If Sweeney and Hoffa truly wanted this war to end they would shut this country down until both houses of congress cut off funding for this dirty war. Continuing to spend another dime on this war makes about as much sense as me walking out my door down to the shore of Lake of the Woods and tossing my wallet out into the murky, mercury contaminated water the result of draining the Big Bog to mine peat and iron ore… at least me doing that wouldn’t be killing people.

The time has come for the peace movement and peace activists to get serious.

There are only two ways this war is going to end: when the U.S. gets run out of Iraq; or, when the American people take decisive action to halt business as usual. Chances are, given the bestial nature of this government and this rotten capitalist system, it is going to take both.

Workers at the St. Paul Ford Twin Cities Assembly Plant circulated a letter: Workers for Peace. This is a good initiative to build on. Read it below.

The time has come for working people to flex their muscle to put an end to this dirty oil war.

Pelosi should be told: Cut off funding for this dirty war in Iraq by Election Day or we aren’t voting and we aren’t going to work--- simple as that.

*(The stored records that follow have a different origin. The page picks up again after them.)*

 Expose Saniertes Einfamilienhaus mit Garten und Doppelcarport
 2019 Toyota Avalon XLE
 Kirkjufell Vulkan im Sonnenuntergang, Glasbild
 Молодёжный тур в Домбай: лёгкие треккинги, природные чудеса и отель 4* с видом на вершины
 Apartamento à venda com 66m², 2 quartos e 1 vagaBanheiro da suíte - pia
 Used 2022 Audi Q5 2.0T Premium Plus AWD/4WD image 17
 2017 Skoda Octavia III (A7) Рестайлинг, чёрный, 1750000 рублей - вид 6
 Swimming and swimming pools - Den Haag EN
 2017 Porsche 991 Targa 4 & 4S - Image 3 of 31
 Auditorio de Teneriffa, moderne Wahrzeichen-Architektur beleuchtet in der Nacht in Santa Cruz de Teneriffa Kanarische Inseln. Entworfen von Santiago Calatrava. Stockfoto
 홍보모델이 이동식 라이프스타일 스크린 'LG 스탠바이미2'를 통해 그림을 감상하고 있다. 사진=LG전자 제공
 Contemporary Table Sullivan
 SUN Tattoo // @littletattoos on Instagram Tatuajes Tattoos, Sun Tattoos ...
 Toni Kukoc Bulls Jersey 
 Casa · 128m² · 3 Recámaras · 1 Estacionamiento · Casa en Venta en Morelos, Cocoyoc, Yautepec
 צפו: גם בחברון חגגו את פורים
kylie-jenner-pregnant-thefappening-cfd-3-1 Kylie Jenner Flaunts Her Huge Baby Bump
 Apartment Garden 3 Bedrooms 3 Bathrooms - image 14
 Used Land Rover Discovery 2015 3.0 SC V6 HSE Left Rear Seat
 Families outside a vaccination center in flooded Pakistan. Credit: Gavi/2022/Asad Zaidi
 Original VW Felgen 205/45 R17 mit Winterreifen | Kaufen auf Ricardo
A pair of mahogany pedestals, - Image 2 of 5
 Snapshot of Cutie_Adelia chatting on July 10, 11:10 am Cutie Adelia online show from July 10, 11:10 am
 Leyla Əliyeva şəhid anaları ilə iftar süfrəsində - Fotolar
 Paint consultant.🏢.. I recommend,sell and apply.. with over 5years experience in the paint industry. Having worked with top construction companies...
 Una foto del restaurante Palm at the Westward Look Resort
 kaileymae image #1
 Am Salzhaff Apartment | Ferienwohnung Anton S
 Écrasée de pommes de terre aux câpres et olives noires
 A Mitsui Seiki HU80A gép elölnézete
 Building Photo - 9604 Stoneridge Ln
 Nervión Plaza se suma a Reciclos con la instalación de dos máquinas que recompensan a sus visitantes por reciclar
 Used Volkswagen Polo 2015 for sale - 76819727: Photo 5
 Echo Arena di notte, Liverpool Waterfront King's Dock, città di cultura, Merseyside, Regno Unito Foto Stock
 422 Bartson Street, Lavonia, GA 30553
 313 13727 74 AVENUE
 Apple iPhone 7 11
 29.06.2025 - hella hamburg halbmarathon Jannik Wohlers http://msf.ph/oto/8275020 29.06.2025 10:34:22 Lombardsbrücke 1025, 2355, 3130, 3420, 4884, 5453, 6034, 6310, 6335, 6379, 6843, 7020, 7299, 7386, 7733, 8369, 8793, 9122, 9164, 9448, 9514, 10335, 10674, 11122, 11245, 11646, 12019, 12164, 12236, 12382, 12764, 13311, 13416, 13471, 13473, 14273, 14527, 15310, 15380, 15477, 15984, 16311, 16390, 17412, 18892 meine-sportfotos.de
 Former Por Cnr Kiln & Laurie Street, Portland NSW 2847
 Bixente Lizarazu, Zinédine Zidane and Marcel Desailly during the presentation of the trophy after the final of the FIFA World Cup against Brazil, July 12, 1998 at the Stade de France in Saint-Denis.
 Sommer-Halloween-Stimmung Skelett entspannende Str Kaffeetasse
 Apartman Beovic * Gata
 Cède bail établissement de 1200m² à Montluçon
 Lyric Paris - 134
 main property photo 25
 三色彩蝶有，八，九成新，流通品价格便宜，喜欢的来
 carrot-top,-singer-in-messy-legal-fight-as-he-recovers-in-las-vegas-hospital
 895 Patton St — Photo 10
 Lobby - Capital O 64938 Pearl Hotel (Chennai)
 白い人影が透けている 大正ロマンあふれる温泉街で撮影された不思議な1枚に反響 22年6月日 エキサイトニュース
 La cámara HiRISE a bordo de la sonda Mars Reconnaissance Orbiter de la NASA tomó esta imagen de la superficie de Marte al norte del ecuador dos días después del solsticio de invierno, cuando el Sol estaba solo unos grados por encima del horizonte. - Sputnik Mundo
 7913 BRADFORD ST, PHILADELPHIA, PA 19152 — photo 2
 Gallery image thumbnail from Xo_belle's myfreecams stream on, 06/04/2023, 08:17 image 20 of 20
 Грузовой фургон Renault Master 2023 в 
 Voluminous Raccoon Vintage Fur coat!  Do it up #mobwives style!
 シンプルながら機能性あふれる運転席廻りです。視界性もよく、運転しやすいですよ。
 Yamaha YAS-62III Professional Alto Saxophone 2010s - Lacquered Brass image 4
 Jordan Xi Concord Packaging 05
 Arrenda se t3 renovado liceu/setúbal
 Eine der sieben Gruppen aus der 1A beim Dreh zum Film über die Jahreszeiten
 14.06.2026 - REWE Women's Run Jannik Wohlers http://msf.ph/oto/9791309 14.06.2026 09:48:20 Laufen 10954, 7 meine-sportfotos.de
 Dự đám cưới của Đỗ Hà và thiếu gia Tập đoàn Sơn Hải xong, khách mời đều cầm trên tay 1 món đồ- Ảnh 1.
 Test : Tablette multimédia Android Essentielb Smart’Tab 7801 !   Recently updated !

Working people pay and suffer the brunt of this war. We are paying for it every time we fill our gas tanks; working people die while plants close and workers lose their jobs as millions can no longer get the health care. Why is it so hard to understand that every bomb dropped and every bullet fired in Iraq destroys us in the process? Every dime spent on this senseless war should be going into things like health care and keeping people working.

The time has come for working people to step to the front of this anti-war movement and say:

Enough!

The time has come for working people to initiate rank and file organizations and activities based upon the initiatives of “Workers for Peace;” building upon this effort will enable Pelosi and Harry Reid to get the message: Cut off funding for the war by Election Day--- or, we are not going to the polls.


This is an ultimatum peace activists should not be shy about delivering to Democrats or Republicans… after all, they are supposed to be working for us… and WE want an end to this war NOW!

Everyone knows the two party system is a fiasco, a farce and a hoax… as far as working people are concerned it is a complete failure like the capitalist system which has spawned it…. the time has come to end the charade... instead of wasting our time talking about if we should support Clinton, Obama, or Edwards, we should be exploring alternatives to the two party trap set for us by big-business.

There is no way I am going to waste my time, and my gas, going to the polls to vote for Hillary Clinton, Barack Obama, John Edwards or any of these other dumb donkeys like Nancy Pelosi or Collin Peterson who are so arrogant they think they have the right to tell us who we should lobby and where we should demonstrate against this dirty war… I will be spending my time and energy talking to people about how we are going to have to act in a decisive way to force an end to this dirty imperialist war.

Let October 27 be the beginning of no more business as usual in this country until this war is ended.


A note I received from Charley Underwood, a peace activist and member of the Minnesota Democratic Farmer-Labor Party State Central Committee...

From: Charles Underwood [mailto:charleyunderwood@hotmail.com]

Sent: Thursday, October 18, 2007 4:34 PM

To: Alan Maki

Subject: Re: [thoughts from podunk] All Out on October 27 to End the Iraq War... for peace and social justice...

Hey, Alan,

I don’t know if you still get my peace calendar somehow; Just in case, I will copy the 10/27 listing below.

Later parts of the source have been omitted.